Não devia o Tribunal considerar não ser legítima nem emanar de autoridade competente aquela cominação com a prática de um crime de desobediência, nos termos do art. 348°, n.° 1, alínea b), do Código Penal, pela falta de entrega da carta de condução no prazo de dez dias após o trânsito.
Não será de efectuar uma interpretação minimalista do artigo 348°, n.° 1, alínea b) do Código Penal, pois, caso contrário, estar-se-ia a esvaziar a norma nos casos em que a advertência é feita, como o foi na sentença condenatória proferida no Processo Especial Sumário n.° 46/08.OGAVGS, a fim de garantir o cumprimento da pena acessória por parte do arguido e, nessa medida, proteger a autonomia intencional do Estado de Direito.
O crime de desobediência consumou-se com a omissão do acto determinado, consubstanciada, in casu, com a falta de entrega da carta de condução pelo arguido no prazo de dez dias após o trânsito.
Se se entender que não é legítimo ao Tribunal cominar a falta de entrega da carta de condução com a prática do crime de desobediência, e se o arguido recusasse a entrega da carta perante a autoridade policial, nos termos do artigo 500°, n.° 3, do Código de Processo Penal, não haveria quaisquer consequências para o incumprimento.
Com efeito, se o Tribunal não puder, desde logo, no acórdão condenatório, cominar com a prática de crime a falta de entrega da carta de condução, também a autoridade policial, num segundo momento que viesse a ocorrer e na sequência do artigo 500°, n.° 3, do Código de Processo Penal, não poderia cominar com tal crime a eventual e reiterada falta de entrega daquele documento por parte do arguido perante as autoridades policiais.
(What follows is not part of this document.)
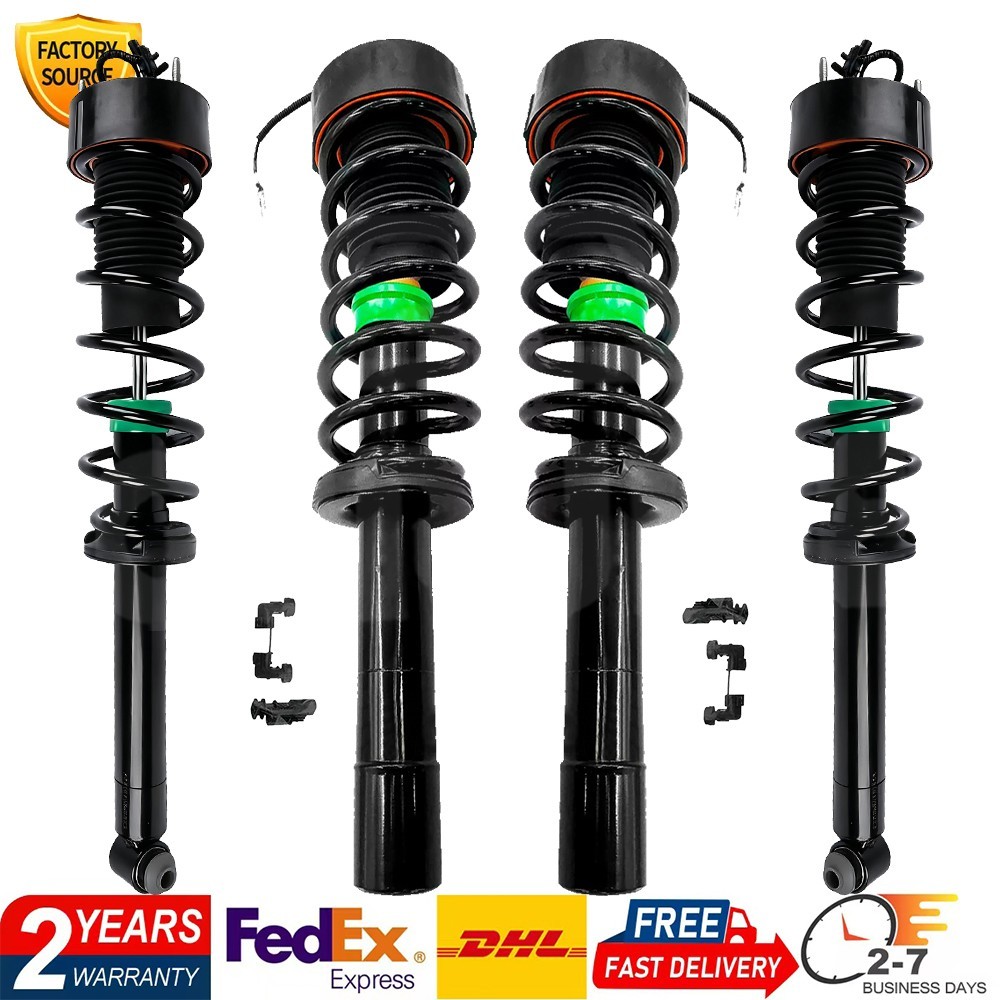 4x Front Rear Shock Struts Assys with Magnetic For Cadillac CT6 AWD 16-18 Sedan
A conduta do arguido de não entrega voluntária da carta e não se logrando proceder à apreensão daquele documento nos termos do artigo 500°, n.° 3, do Código de Processo Penal, cominaria na ausência de quaisquer consequências para a recusa do arguido em cumprir a pena acessória a que está obrigado.
A eventual recusa de o arguido cumprir com a pena acessória, traduzida na falta da entrega da carta de condução, parece-nos ser merecedora de suficiente dignidade a valorar em termos penais, pois, a assim não ser, equivaleria a admitir-se a possibilidade de deixar à consideração do arguido a decisão de cumprir ou não com tal pena acessória, ou de cumpri-la apenas quando entendesse.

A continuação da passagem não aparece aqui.